Defending the ID measure, lawyers for Texas sought to cast doubt on the credibility of some expert witnesses, but offered little that undermined the broad thrust of the challengers’ case. They said at the close of proceedings Monday that they planned to offer just two witnesses, with their presentation lasting only around a day and half.
The law’s opponents suggested privately that Texas’s laissez-faire approach shows the weakness of its defense. But the state may be relying on a basic reality: Thanks to the U.S. Supreme Court, the burden of proof is on the challengers to show that the ID law will stop Texas’s racial minorities from voting.
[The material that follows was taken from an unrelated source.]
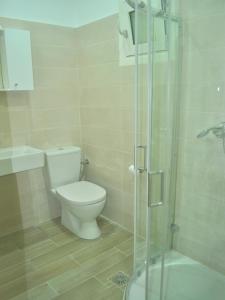une salle de bain avec toilettes et douche en verre dans l'établissement Beach house Yannis 3 in Agios Gordios Beach on Corfu, à Agios Gordios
Texas’s voter ID law, passed in 2011, was struck down the following year by a federal court, which ruled that it violated Section 5 of the Voting Rights Act (VRA). Under Section 5, Texas and other covered areas had to show that their election laws didn’t disproportionately affect racial minorities before they could go into effect. In 2013, the Supreme Court neutered Section 5 in Shelby County v. Holder, and hours later, Texas announced that its ID law was back in force.
It’s now being challenged under Section 2 of the VRA, which was unaffected by Shelby. But under Section 2, the onus is on the law’s challengers to show not just that it hits minorities hardest, but that it does so because of a history of racial discrimination. That’s a relatively high bar to meet—though it’s one that voting rights advocates have met lately, at least for now, in the Wisconsin and Ohio cases.